Abstract

Abstract In the Qur’ān, a son of Noah dies in the flood because, the Qur’ān states, he is not actually of Noah’s family. The passage in question (Q 11:46) was puzzling to classical Muslim exegetes and modern scholars alike, and the search for parallel narratives in previous biblical and parabiblical texts has been largely unsuccessful. Another Qur’ānic passage that portrays Noah’s wife in negative terms (Q 66:10) led some early Muslim scholars to consider the possibility that she cheated on his husband but this interpretation was later dismissed on the principle of prophetic infallibility.

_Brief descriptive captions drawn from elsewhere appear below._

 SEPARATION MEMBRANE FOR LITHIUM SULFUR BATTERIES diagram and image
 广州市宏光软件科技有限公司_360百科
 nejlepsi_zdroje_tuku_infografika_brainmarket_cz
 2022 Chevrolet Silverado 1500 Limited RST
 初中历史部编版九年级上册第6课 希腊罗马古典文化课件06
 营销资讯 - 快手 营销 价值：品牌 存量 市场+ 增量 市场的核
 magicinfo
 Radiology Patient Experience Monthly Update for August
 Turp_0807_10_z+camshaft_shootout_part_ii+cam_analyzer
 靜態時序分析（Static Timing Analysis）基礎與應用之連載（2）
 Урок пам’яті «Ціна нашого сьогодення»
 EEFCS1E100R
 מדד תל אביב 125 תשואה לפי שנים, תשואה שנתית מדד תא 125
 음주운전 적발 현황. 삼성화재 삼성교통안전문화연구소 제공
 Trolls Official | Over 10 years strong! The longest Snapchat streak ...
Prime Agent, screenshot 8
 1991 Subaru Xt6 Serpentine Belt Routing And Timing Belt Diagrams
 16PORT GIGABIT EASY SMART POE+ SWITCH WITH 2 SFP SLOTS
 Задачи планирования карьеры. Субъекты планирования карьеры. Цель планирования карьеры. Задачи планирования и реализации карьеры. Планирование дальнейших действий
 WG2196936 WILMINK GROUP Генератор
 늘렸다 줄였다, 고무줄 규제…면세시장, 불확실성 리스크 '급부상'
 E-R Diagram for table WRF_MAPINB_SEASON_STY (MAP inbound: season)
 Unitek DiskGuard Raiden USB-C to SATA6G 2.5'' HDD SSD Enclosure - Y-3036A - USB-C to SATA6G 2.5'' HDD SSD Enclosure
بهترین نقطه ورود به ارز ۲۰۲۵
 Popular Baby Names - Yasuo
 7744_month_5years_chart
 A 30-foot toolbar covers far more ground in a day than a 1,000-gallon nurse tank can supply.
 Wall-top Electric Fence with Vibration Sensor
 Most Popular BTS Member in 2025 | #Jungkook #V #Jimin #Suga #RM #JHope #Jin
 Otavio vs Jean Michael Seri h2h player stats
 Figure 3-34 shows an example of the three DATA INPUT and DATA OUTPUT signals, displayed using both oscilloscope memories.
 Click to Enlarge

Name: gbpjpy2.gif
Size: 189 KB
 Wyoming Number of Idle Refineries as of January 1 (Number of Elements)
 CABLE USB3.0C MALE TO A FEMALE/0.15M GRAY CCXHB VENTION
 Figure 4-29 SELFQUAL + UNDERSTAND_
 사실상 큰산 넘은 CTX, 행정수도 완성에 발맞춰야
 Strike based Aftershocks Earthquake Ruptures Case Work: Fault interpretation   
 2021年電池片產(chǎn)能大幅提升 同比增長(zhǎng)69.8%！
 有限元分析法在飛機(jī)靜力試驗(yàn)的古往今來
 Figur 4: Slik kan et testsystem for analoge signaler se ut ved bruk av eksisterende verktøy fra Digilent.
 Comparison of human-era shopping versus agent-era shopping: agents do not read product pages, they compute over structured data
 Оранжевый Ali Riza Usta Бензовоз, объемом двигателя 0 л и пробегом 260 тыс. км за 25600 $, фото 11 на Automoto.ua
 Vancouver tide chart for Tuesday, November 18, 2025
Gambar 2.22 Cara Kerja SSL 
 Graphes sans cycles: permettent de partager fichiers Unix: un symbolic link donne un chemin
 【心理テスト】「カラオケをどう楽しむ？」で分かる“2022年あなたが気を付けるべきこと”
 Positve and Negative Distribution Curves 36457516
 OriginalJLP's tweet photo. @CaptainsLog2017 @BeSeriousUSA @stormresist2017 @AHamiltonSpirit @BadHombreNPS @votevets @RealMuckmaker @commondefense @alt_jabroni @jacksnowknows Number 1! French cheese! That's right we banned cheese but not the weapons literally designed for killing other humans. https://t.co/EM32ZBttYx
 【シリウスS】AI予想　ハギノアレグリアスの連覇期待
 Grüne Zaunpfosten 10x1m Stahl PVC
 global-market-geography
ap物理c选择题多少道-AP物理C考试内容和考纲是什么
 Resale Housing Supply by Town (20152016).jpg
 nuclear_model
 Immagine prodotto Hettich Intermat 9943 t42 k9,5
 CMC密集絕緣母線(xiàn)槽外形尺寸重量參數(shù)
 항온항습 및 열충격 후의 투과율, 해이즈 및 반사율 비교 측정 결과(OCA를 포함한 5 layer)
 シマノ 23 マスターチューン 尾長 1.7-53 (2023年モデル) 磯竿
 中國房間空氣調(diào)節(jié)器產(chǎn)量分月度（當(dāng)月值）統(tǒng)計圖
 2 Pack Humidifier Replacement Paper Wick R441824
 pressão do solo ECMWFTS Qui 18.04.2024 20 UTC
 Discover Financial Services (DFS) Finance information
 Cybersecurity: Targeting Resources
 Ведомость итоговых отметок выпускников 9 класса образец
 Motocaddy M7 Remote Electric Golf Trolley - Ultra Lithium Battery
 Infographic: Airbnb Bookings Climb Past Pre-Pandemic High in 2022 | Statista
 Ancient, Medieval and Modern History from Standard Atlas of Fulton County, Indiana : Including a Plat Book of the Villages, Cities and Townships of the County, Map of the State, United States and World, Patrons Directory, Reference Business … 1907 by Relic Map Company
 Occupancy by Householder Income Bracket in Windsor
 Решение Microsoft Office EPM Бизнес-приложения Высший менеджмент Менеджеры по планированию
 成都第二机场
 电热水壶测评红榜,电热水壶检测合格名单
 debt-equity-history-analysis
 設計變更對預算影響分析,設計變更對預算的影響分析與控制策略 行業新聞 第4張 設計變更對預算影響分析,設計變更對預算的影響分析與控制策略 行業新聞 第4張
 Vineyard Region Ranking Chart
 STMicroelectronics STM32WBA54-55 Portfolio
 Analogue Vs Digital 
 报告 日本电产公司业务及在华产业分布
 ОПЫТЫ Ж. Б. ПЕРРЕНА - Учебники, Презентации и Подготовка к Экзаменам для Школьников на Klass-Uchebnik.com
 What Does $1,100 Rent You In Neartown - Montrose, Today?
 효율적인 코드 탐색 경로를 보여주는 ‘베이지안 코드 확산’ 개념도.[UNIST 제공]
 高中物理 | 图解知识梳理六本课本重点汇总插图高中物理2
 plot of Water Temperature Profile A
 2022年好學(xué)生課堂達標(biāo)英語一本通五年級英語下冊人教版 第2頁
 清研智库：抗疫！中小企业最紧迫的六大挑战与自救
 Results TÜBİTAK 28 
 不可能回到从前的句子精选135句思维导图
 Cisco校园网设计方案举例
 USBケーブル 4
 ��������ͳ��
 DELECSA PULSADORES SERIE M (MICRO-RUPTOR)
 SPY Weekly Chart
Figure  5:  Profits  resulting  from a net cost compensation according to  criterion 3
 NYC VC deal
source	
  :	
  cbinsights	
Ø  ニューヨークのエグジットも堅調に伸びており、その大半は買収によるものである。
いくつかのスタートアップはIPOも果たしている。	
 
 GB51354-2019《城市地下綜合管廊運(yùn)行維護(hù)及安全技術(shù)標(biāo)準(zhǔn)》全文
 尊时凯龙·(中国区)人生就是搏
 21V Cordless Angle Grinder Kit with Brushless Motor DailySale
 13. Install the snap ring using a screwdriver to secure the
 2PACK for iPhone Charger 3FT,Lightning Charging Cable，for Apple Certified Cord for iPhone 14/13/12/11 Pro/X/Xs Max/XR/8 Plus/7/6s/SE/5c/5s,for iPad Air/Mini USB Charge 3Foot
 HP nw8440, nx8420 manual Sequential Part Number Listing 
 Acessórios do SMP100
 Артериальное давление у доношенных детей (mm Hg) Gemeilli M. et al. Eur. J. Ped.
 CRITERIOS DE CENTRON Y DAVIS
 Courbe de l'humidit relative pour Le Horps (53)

In this paper, the story of Noah’s perished son is examined in the light of Second Temple Jewish texts, in particular the First Book of Enoch and the Genesis Apocryphon, where the sexual corruption of the fallen angels leads to cases of doubtful paternity. In these sources Noah’s own birth is recounted as a wondrous event that makes Noah’s father Lamech suspect that his wife had the child from an angel. Lamech’s grandfather Enoch eventually confirms Noah’s righteous conception and birth but the narrative motifs around antediluvian sexual decadence, conjugal disloyalty and miraculous birth stories survive into other Second Temple Jewish and early Christian texts. I argue that the Qur’ān, too, was aware of these narrative motifs and the story of Noah’s son constitutes a unique Qur’ānic spin on certain of these Enochic themes.